From: Markus Scherer (markus.scherer@jtcsv.com)
Date: Wed Apr 30 2003 - 18:43:20 EDT
Hi all, I am wondering how developers get 16-bit string *literals* into C source code. Do you use a
mechanism other than the following?
In the following, I use UChar as an example typedef name for the type of 16-bit Unicode strings
(usually same as unsigned short).
Escapes for non-ASCII characters would be ok. UTF-8/16 for the source code would be nicer.

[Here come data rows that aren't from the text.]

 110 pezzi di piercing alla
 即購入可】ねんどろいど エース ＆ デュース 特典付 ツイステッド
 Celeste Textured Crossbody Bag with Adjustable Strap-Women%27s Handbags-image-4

Whatever
mechanism has to work on a non-ASCII platform, too.
I am aware that there is an effort under way to add 16-bit Unicode string literals to the C
standard; I am looking for what can be done today.
I know of
a) array of numeric constants
const UChar string[]={ 0x61, 0x62, 0x20ac };
b) array of numeric constants expressed as named constants
enum { _a=0x61, _b, _c, ..., _Euro=0x20ac, ... };
const UChar string[]={ _a, _b, _Euro };
c) on some lucky platforms with 16-bit-Unicode wchar_t, simply
const UChar *string=L"ab\x20ac";
or even
const UChar *string=L"ab€";
-> but this is not portable
d) using a preprocessor which takes source code like
const UChar *string=U16LITERAL("ab\u20ac");
or
const UChar *string=U16LITERAL("ab€");
and generates output C source code like a) or c) as appropriate
-> Are there such preprocessors available?

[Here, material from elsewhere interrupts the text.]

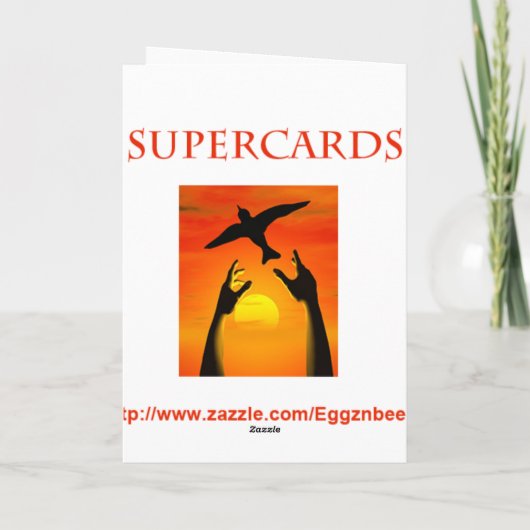 Geburtstagskreise Karte (Rückseite)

I guess Perl could do this...
e) using a tool as in d) but only per-string for the developer,
where one can type "ab€" and the tool generates output
text like in a) to copy-paste into the .c file,
possibly with a comment containing the original string
I am *not* looking for ways to get strings via more high-level mechanisms and runtime functions like
z1) not using string literals but resource bundles/message catalogs etc.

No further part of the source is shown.